_Action item_. Reproduce all the data exactly, without pictures.

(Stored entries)
[Start of Attachment]

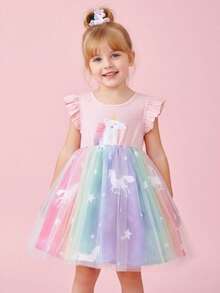 Young Girl's Colorful Unicorn Printed Mesh Dress With Ruffle Hem For Summer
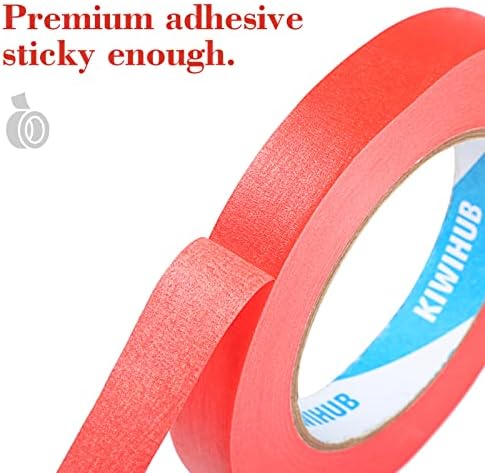 Red Painters Tape,1 in x 60 Yds x 5 Rolls (300 Yards Total)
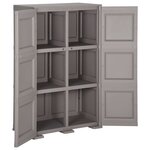 vidaXL Armoire en plastique 79x43x125 cm Design de bois Gris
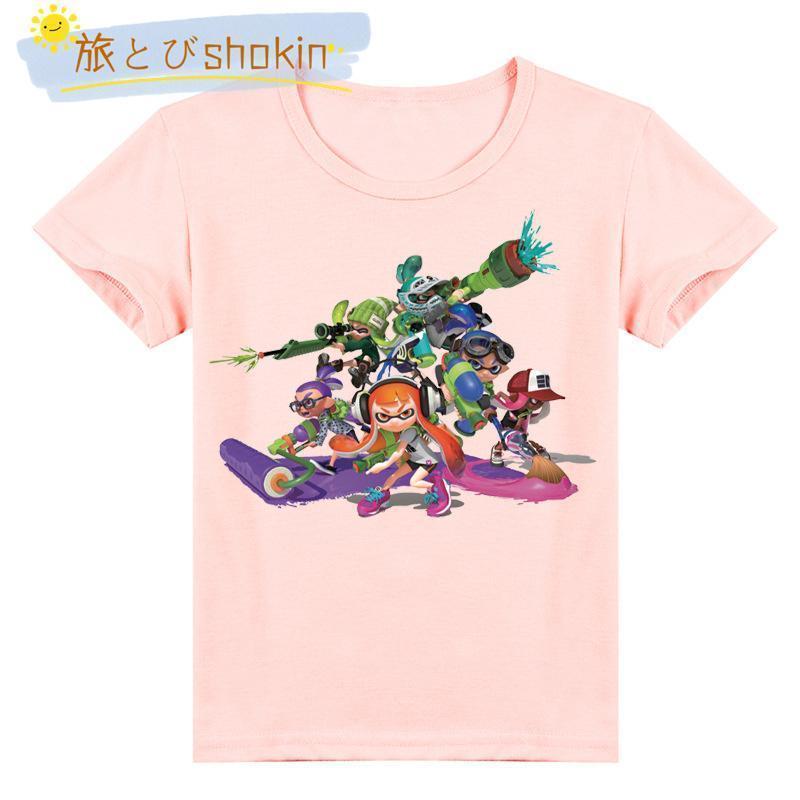 スプラトゥーン 子供服 半袖Tシャツ 女の子 男の子 丸い襟 ゆるいス スウェット春夏 100-160cm キッズ ス 通園着｜shuamy｜11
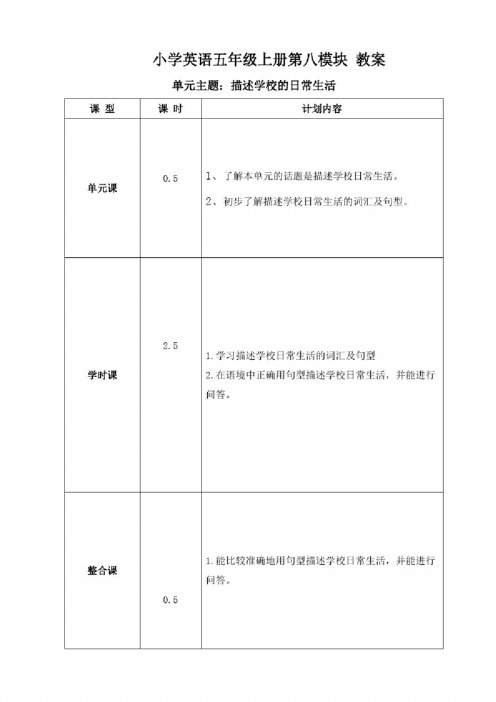 小学英语五年级上册第八模块教案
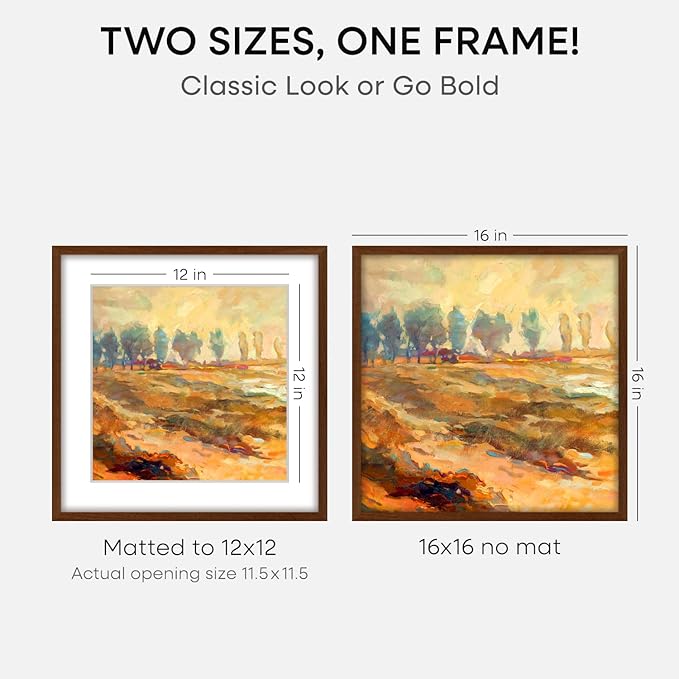 Homeforia 16x16 Brown Picture Frame, High End Dark Oak 16 x 16 Square Wood Frame with Mat 12 x 12 for Photo, 16by16 Wooden Walnut Poster Frame Matted to 12x12 Print, Tempered Glass, Wall Kit, Set of 3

[End of Attachment]

_Exercise output_.
 Young Girl's Colorful Unicorn Printed Mesh Dress With Ruffle Hem For Summer
 Red Painters Tape,1 in x 60 Yds x 5 Rolls (300 Yards Total)
 vidaXL Armoire en plastique 79x43x125 cm Design de bois Gris
 スプラトゥーン 子供服 半袖Tシャツ 女の子 男の子 丸い襟 ゆるいス スウェット春夏 100-160cm キッズ ス 通園着｜shuamy｜11
 小学英语五年级上册第八模块教案
 Homeforia 16x16 Brown Picture Frame, High End Dark Oak 16 x 16 Square Wood Frame with Mat 12 x 12 for Photo, 16by16 Wooden Walnut Poster Frame Matted to 12x12 Print, Tempered Glass, Wall Kit, Set of 3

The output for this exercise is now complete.